Gelir eşitsizliğindeki artış ve olası çözümleri

Tuğrul BELLİ
Tuğrul BELLİ GÜNDEM tugrulbelli@gmail.com

Herhalde iktisat bilimi dünyasında son senelerde Thomas Piketty’nin “21. Yüzyılda Sermaye” (Capital in the 21st Century) adındaki 700 sayfalık çalışması kadar ses getiren bir eser olmamıştır. Bu ilginin başlıca sebebi kitabın ana konusu olan gelir eşitsizliğinin son Büyük Resesyon’dan beri Batı dünyasında önemli bir gündem maddesini oluşturması. Diğer ilginç bir nokta da bu ilginin Piketty’nin bir Fransız olmasına ve kitabının sadece 3 hafta önce İngilizce’ye tercüme edilmiş bulunmasına rağmen oluşmuş olması. (Fransız ve de Fransızca yazan bir akademisyen olması önemli çünkü diğer pek çok disiplinde olduğu gibi (hatta çoğundan daha fazla oranda) ekonomi bilimi İngilizce hegemonyasındadır.

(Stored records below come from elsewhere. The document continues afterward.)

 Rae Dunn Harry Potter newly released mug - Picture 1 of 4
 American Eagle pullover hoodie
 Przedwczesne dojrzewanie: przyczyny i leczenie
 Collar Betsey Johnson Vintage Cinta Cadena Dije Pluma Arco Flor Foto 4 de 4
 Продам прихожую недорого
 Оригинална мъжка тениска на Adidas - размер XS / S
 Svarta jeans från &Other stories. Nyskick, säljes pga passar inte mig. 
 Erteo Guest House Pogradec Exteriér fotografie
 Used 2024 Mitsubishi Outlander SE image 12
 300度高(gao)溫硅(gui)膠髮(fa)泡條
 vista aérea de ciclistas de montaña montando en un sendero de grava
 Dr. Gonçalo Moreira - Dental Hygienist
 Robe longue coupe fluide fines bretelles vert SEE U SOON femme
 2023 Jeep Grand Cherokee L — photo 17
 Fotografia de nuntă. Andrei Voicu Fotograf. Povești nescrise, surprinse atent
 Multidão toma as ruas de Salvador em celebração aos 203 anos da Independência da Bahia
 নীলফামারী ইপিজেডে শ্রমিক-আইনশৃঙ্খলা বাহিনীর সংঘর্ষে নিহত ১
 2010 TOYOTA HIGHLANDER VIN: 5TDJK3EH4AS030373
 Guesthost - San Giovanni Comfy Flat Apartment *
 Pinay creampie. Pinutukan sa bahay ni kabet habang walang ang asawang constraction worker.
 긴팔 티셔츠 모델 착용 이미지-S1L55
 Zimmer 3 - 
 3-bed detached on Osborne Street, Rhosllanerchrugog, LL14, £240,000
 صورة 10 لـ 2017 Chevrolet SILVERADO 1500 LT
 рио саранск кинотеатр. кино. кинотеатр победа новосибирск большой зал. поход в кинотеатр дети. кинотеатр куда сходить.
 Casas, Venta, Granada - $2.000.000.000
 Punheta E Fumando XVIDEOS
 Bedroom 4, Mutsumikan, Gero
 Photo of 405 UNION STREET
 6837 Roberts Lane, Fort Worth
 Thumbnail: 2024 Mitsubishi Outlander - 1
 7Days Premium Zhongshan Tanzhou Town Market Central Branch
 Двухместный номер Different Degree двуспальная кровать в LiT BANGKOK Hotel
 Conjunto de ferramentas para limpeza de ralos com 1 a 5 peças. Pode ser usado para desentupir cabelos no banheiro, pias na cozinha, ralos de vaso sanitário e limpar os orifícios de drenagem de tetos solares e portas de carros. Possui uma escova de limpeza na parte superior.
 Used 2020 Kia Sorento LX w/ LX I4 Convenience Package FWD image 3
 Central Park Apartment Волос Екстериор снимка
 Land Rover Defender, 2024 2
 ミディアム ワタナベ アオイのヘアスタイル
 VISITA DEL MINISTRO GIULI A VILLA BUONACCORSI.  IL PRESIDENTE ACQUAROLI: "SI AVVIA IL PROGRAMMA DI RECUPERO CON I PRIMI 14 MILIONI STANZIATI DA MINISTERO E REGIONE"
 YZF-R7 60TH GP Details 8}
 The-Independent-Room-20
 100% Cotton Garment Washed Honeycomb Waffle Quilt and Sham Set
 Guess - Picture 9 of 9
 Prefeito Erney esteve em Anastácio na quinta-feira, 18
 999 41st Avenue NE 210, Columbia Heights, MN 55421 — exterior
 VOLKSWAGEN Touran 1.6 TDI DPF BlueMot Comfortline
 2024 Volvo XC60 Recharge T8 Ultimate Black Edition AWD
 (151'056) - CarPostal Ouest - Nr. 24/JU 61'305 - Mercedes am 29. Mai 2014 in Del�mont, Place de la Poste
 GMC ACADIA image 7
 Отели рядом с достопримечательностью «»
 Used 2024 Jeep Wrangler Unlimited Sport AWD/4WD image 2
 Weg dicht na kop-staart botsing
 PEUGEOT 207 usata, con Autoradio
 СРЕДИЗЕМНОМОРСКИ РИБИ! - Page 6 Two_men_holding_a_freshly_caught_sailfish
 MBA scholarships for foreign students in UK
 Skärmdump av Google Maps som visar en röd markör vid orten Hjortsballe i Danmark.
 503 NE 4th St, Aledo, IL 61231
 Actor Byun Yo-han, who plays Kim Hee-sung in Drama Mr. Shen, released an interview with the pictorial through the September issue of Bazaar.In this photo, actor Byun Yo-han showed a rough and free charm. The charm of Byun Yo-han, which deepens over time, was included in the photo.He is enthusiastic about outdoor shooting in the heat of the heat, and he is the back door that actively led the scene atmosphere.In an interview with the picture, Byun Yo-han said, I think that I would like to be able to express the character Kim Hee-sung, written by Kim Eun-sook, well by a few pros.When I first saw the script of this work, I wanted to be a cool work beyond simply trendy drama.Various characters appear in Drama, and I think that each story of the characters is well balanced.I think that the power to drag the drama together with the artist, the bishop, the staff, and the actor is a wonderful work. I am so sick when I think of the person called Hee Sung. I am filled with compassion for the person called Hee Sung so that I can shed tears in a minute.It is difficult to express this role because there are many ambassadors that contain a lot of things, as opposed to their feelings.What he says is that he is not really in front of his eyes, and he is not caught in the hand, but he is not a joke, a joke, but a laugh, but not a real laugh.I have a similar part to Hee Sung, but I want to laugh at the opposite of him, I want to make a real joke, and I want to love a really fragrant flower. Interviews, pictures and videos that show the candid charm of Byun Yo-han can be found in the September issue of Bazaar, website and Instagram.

Piketty genç bir akademisyen olmasına karşın aslında ekonomi dünyası tarafından bilinmeyen bir isim değil. 1901-1998 yılları arasında Fransa’daki gelir dağılımının gelişimini inceleyen gene dev boyutlarda bir kitabı 2001 yılında yayınlanmıştı. O kitapta geçen asır başında milli gelirin 7 katına ulaşan Fransa milli servetinin savaş yılları olan 1914-1945 yılları arasında 3 kata kadar gerilediğini, ancak sonrasında (ve 1990 yılından sonra hızlanarak) yeniden 6.5 katına kadar ulaştığını ortaya koymaktaydı. Geçen asır başı ile bu asır başı arasındaki tek fark ise geçen asır başında milli servetin büyük kısmını zirai alanların oluşturmasına karşılık, son dönemde milli serveti büyük ölçüde konut sahipliğinin oluşturmuş olması. Piketty Fransa’da gelir dağılımında sadece milli servetin azaldığı 1914-45 yılları arasında kısmi bir düzelme görüldüğü, ancak bunun sebebinin ise savaş yıllarındaki yüksek enflasyon ve o dönemlerde zengin kesimden alınan yüksek oranlı servet vergileri olduğu sonucuna varmakta. 

Piketty’nin gerek önceki çalışmalarında, gerekse de analizlerini 20 küsur ülkeye ve 300 senelik bir zaman periyoduna yaydığı son çalışmasındaki ana tezi ise “normal zamanlarda kapitalin getirisinin (r) ekonominin büyüme hızının (g) üzerinde kalması nedeniyle milli servetin sermaye sahiplerinde toplanması ve gelir eşitsizliğinin artması”. Bu noktada gelişen teknoloji ile birlikte sermayenin getirisinin işgücüne göre yükseldiği ve bunun da gayet normal bir gelişme olduğu söylenebilir. Ancak, Piketty’nin iddiası bizatihi servetin servet kazandırdığı, yani işgücü getirisinin yüksek olduğu durumlarda bile sermayenin getirisinin daha yüksek kalmaya devam ettiği. (Bu arada Piketty’nin servet ve sermayeyi tek bir kavram olarak ele aldığını belirtmekte yarar var.)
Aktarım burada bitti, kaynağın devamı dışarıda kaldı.